# The goal of these exercises is to get familiar with key-value RDDs

# Cheat Sheet
**Transformation operations:**
- map: Takes a function as input and applies it to each element in the source RDD to create a new RDD
- flatMap: Takes an input function, which returns a sequence for each input element passed to it returns a new RDD formed by flattening this collection of sequence
- filter: Takes a Boolean function as input and applies it to each element in the source RDD to create a new RDD by selecting only those elements for which the input Boolean function returned true
- distinct: The distinct method of an RDD returns a new RDD containing the distinct elements in the source RDD.
- zip:takes an RDD as input and returns an RDD of pairs, where the first element in a pair is from the source RDD and second element is from the input RDD. Both the source RDD and the input RDD must have the same length.
- groupBy: Groups the elements of an RDD according to a user specified criteria. In each returned pair, the first item is a key and the second item is a collection of the elements mapped to that key by the input function to the groupBy method.
- sortBy: returns an RDD with sorted elements from the source RDD. It takes two input parameters. The first input is a function that generates a key for each element in the source RDD. The second argument allows you to specify ascending or descending order for sort.
- sample: Returns a sampled subset of the source RDD. It takes three input parameters. The first parameter specifies the replacement strategy. The second parameter specifies the ratio of the sample size to source RDD size.
- union: Return the union of this RDD and another one.
- intersection: Return the intersection of this RDD and another one. The output will not contain any duplicate elements, even if the input RDDs did.

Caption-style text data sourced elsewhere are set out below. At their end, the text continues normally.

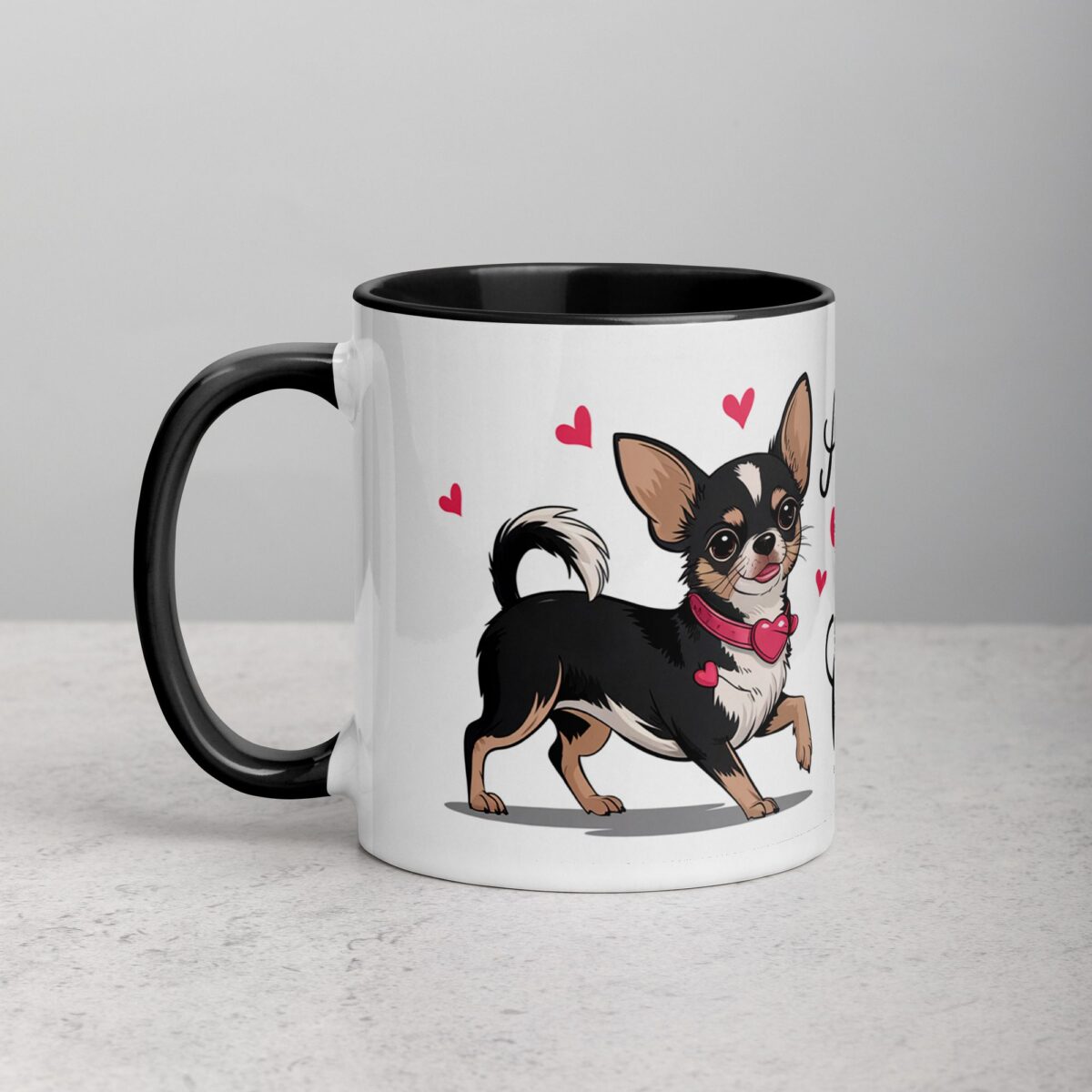 All You Need Is Love (And a Chihuahua) Coffee Mug - Image 2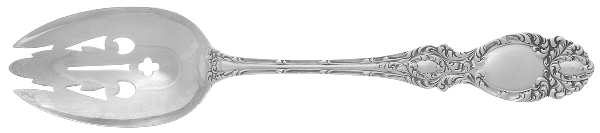 Lucerne (Sterling, 1896, No Monograms) Pierced Tablespoon (Serving Spoon)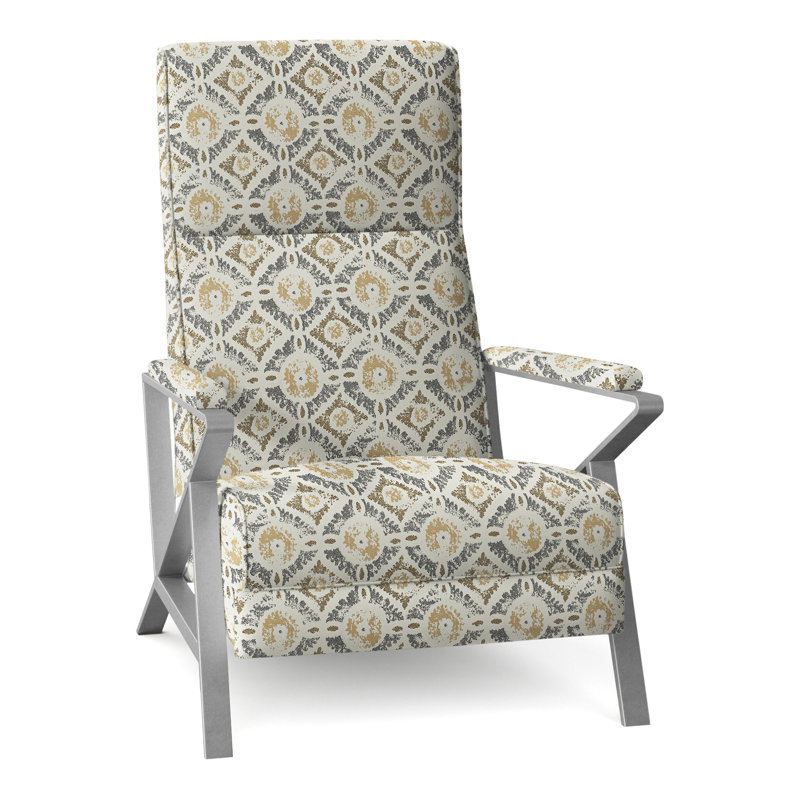 Infinity Recliner, Brushed Nickel, Perigold Wittstock Mist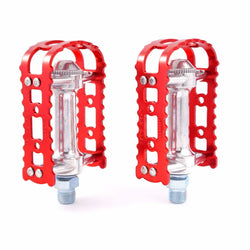 MKS BM-7 Alloy Anodized MTB BMX Old School Flat Bike 9/16" Pedal - Red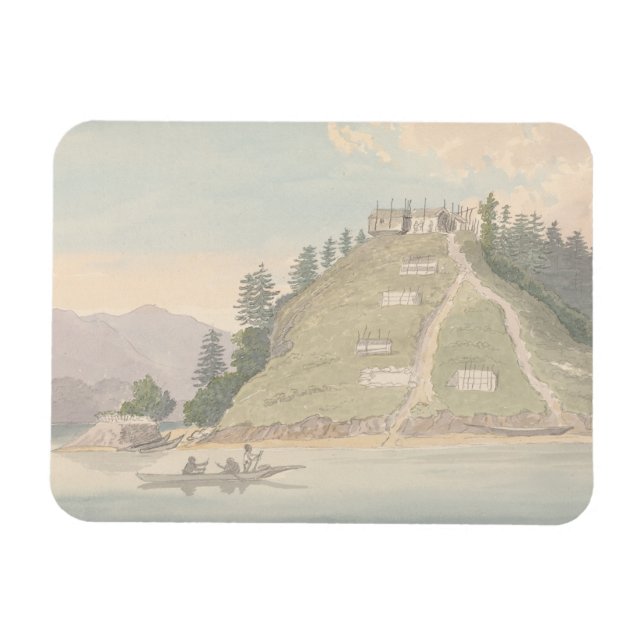 Magnet Flexible Charles Hamilton Smith - Village d'Indiens Amicaux (Horizontal)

**Transformation operations on (key, value) RDDs:**
- keys: returns an RDD of only the keys in the source RDD.
- values: returns an RDD of only the values in the source RDD.
- mapValues: takes a function as input and applies it to each value in the source RDD.
- join: takes an RDD of key-value pairs as input and performs an inner join on the source and input RDDs. It returns an RDD of pairs, where the first element in a pair is a key found in both source and input RDD and the second element is a tuple containing values mapped to that key in the source and input RDD. , also check rightOuterJoin, leftOuterJoin, fullOuterJoin
- sampleByKey: returns a subset of the source RDD sampled by key. It takes the sampling rate for each key as input and returns a sample of the source RDD.
- subtractByKey: takes an RDD of key-value pairs as input and returns an RDD of key-value pairs containing only those keys that exist in the source RDD, but not in the input RDD.
- groupByKey: returns an RDD of pairs, where the first element in a pair is a key from the source RDD and the second element is a collection of all the values that have the same key.
- reduceByKey: takes an associative binary operator as input and reduces values with the same key to a single value using the specified binary operator.
- sortByKey: 

**Action operations:**
- collect: Returns the elements in the source RDD as an array. **It can crash the driver program if called on a very large RDD.**
- count: The count method returns a count of the elements in the source RDD.
- countByValue: The countByValue method returns a count of each unique element in the source RDD
- first: The first element in the source RDD.
- max: Returns the largest element in an RDD. Similar idea for min
- stdev: Compute the standard deviation of this RDD’s elements.
- take: takes an integer N as input and returns an array containing the first N element in the source RDD.
- takeOrdered: takes an integer N as input and returns an array containing the N smallest elements in the source RDD.
- top: takes an integer N as input and returns an array containing the N largest elements in the source RDD.
- reduce: aggregates the elements of the source RDD using an associative and commutative binary operator provided to it.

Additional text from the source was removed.